Posted By: NWFL Jim Re: Natural North Florida Pond - 04/07/14 02:42 PM
Not seeing many small bream and lots of skinny-ish bass. I guess the bass ate all of the available food this winter. I like that it's making the bream big but I'm going to institute a fish fry in the coming weeks to thin the bass heard. All bass under 14 go to the grease.

Since the bass are so hungry, it's probably safe to assume the dozen shiners I released have been converted into fish turds. Hopefully the fry I have coming in the next couple of weeks will recruit well.

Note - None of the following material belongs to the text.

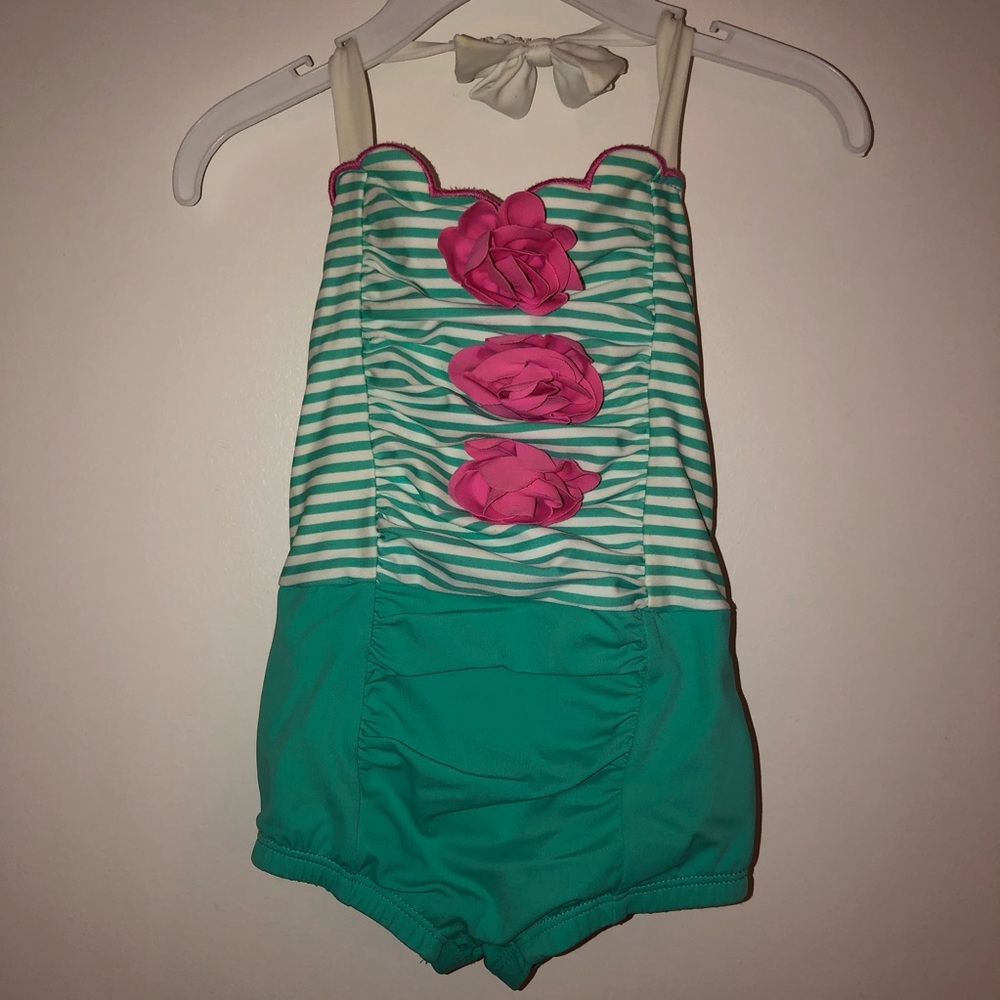 One piece halter flower detail swimsuit 18-24mth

Posted By: RER Re: Natural North Florida Pond - 04/07/14 05:02 PM
def CNBG looks in this fish...

Sure is a pig, Very nice looking fish.
Posted By: ewest Re: Natural North Florida Pond - 04/07/14 06:55 PM
Nice male !
Posted By: NWFL Jim Re: Natural North Florida Pond - 04/23/14 07:24 PM
I finally got up with the local co-op in regard to fertilizer. They can give me 11-54-0 which I assume is Monoammonium Phosphate or MAP. If the recommendation is 50 lbs of 0-34-0 per acre, I presume I'd need to dial it back to 31ish lbs. I'm gonna check the hardness one more time to make sure it's still at or above 20ppm now that the amount of water has nearly doubled. If it still looks good, I'll give it a conservative go. Sound good?
Posted By: ewest Re: Natural North Florida Pond - 04/24/14 12:51 PM
A good idea to go conservative until you see how things react. When a limiting factor (alkalinity , or low P or low N etc) is removed/fixed things can change quickly and in unexpected ways. Some newer research indicates that a little N in the pond fertilizer mix can help but you don't want a lot in most cases. Standard suggestion is 0-46-0 (0-45-0) while most fish pond fertilizer (water soluble)has some N but in low %.
Posted By: NWFL Jim Re: Natural North Florida Pond - 04/25/14 02:39 AM
Thanks Ewest. The 11-54-0 is all I could find.
Posted By: ewest Re: Natural North Florida Pond - 04/25/14 12:48 PM
That should work.
Posted By: NWFL Jim Re: Natural North Florida Pond - 04/29/14 09:19 PM
Shiner fry showed up from Anderson today (1 box/250,000). I didn't count them but it was certainly a cloud. Albeit last minute, I put in some fertilizer while I was there. I picked up about 220lbs of MAP (11-54-0) from the Co-op for 65 bucks. I probably dispensed 100 lbs of it into the water via a 5 gallon bucket. It was raining and I didn't have a lot of time so that'll have to do. Time will tell how all that's gonna work out. I suspect there are a bunch of Gambusia swimming around with bellies full of fry.
Posted By: Big Ponds Re: Natural North Florida Pond - 05/08/14 04:38 PM
Great pictorial story ! thank you. I hope we get future installments on this
Posted By: tyler0421 Re: Natural North Florida Pond - 06/04/15 04:54 PM
How are your Shiners doing Jim? We bought some from a different source last year and they are thick in our pond.